Beijing has stepped up its security presence and promised to pour extra cash into development to calm the restive and strategically vital border region.
But critics say if China does not address Tibetan concerns about the loss of their culture and heritage, stability will remain elusive.
At least 20 teenagers were taken into custody by police in the remote western town of Hezuo on Wednesday, shortly after a larger group began a protest, a hotel clerk there said.
Hezuo is in a Tibetan corner of Gansu province.
She declined to give her name, or comment on the motive for the protest, saying “only themselves know”.
On March 14, dozens of teenagers also took to the streets of Machu, also in Gansu, chanting pro-Tibetan slogans, said a supermarket manager who himself is Han Chinese. He was not clear if anyone was arrested.
The town is now crawling with military police and feels safe and calm, said the manager, who declined to give his name because ethnic tensions in Tibetan areas are politically sensitive, and discussing them with foreign journalists risks punishment.
A string of checkpoints have also been set up along the road to Langmu temple, around 70 km (43 miles) away, since Sunday, a hotel employee near the monastery said, but added that he did not know the details of what happened in Machu.
The Gansu foreign affairs office and the Gansu provincial information office said they had not heard of any protests. Police in Machu and Hezuo did not answer calls.
Historically Tibetan Machu, surrounded by vast grasslands, is in one of the areas that was worst hit by famines and purges during the rule of Mao Zedong and foreigners have only been allowed to visit since 1999.
Rioting flared in the town on March 16, 2008, the weekend after violence in Tibet’s capital Lhasa.
Protests there against Chinese rule, led by Buddhist monks, gave way to torrid violence, with rioters torching shops and turning on residents including Han Chinese and Hui Muslims. Many Tibetans see Hans as intruders threatening their culture.
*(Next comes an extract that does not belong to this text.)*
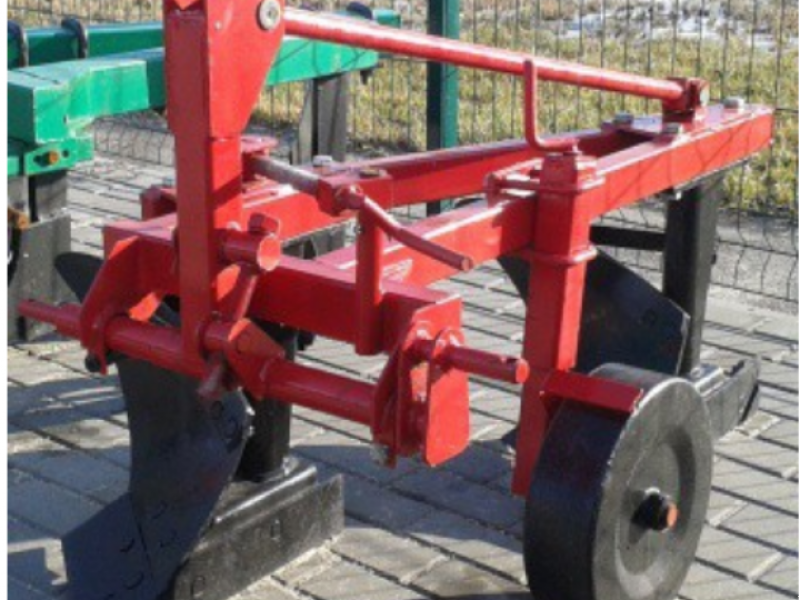 Scheibenpflug des Typs Wirax 2-20,  in Глеваха (Bild 1)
At least 19 people died in the unrest, which sparked waves of protests across Tibetan areas ahead of the 2008 Beijing Olympics.
Pro-Tibet groups abroad say more than 200 Tibetans have died in a subsequent crackdown across the region. Beijing has denied that and said it used minimal force.
Last year there were some fresh outbreaks of violence, but this year the area appears to have been largely quiet.
Rights groups warn that Beijing’s heavy-handed response to the unrest, and the extra security forces it has poured into the region to keep the peace, cannot not bring lasting calm.
“Further repression will breed precisely the kind of instability the Chinese government fears,” said Sophie Richardson, Asia advocacy director at Human Rights Watch.
“Addressing underlying grievances and allowing Tibetans to enjoy basic rights of expression, assembly, and due process is the only way to ensure the ‘harmony’ Beijing so craves.”